A number of well-known brand names of home appliances such as Sony, Samsung, Panasonic, Toshiba and LG have been present in Viet Nam for a rather long time and have had their market shares.
For them, Viet Nam’s WTO membership is not a new challenge; on the contrary, they are waiting for opportunities to come.
It’s not by chance that producers have continuously launched new models on Viet Nam’s market since the end of last year. It’s not simple a price and technological competition, but it’s their advanced preparation for the country’s WTO-entry.
Those joint-venture companies have tried to take advantage of investment incentives and low labor costs in Viet Nam as well as in other Southeast Asian countries compared to the rest of the world.
Home appliances with several new models are flooding Viet Nam. The Viet Nam’s electronic market can be said to be abreast of the regional and world markets.
Nowadays, Vietnamese customers can afford high-quality home appliances such as LCD and plasma TV sets with famous brand names like Vierra, Bravia and Time Machine thanks to competition between producers.

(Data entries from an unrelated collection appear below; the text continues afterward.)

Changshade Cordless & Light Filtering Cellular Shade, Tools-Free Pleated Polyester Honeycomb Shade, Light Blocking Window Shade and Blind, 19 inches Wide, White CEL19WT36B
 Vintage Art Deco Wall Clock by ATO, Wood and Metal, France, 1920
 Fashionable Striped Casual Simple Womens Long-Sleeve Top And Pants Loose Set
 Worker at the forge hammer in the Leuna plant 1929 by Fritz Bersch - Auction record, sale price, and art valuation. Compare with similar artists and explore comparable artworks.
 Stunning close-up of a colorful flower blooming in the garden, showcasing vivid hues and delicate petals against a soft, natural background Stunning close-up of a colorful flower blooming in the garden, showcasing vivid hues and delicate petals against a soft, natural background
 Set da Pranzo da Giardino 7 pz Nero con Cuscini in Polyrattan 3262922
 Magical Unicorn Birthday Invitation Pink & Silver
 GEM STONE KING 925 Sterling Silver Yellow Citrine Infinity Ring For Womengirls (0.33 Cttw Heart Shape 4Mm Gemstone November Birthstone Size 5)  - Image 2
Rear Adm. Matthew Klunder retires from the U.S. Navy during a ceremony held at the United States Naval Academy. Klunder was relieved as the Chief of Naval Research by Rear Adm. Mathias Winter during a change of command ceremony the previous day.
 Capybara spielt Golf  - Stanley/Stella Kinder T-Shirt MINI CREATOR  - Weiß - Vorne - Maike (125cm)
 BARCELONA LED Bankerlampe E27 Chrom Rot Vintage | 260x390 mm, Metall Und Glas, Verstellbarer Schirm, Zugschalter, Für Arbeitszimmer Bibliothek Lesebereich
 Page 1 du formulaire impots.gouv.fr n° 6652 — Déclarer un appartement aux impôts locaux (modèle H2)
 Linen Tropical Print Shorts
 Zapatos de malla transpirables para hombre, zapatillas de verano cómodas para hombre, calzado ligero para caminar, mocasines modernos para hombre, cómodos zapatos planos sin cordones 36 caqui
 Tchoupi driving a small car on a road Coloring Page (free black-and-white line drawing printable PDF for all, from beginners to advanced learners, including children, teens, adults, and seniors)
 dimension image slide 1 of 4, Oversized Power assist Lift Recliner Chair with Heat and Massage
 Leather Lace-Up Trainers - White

For some products, the customers can enjoy big sales, about 30-50 percent off.
Some said the prices might be lower as the import tariffs imposed on home appliances will be reduced to meet Viet Nam’s commitments to the WTO. But it is not the reason as the tariffs were already reduced when Viet Nam started to implement its trade commitments to the ASEAN Free Trade Area two years ago.
Therefore, the big foreign home-appliance producers have competed equally in Viet Nam’s market.
Meanwhile, local producers are worried about the fierce competition which the country’s WTO membership might bring about. They might not be able to compete against foreign produces in terms of finance and technology.
If they know how to make full use of their capacity in making spare parts and accessories, they can survive.
Some are not sure whether to cooperate with foreign partners or to operate in the new environment as the country just became a WTO member.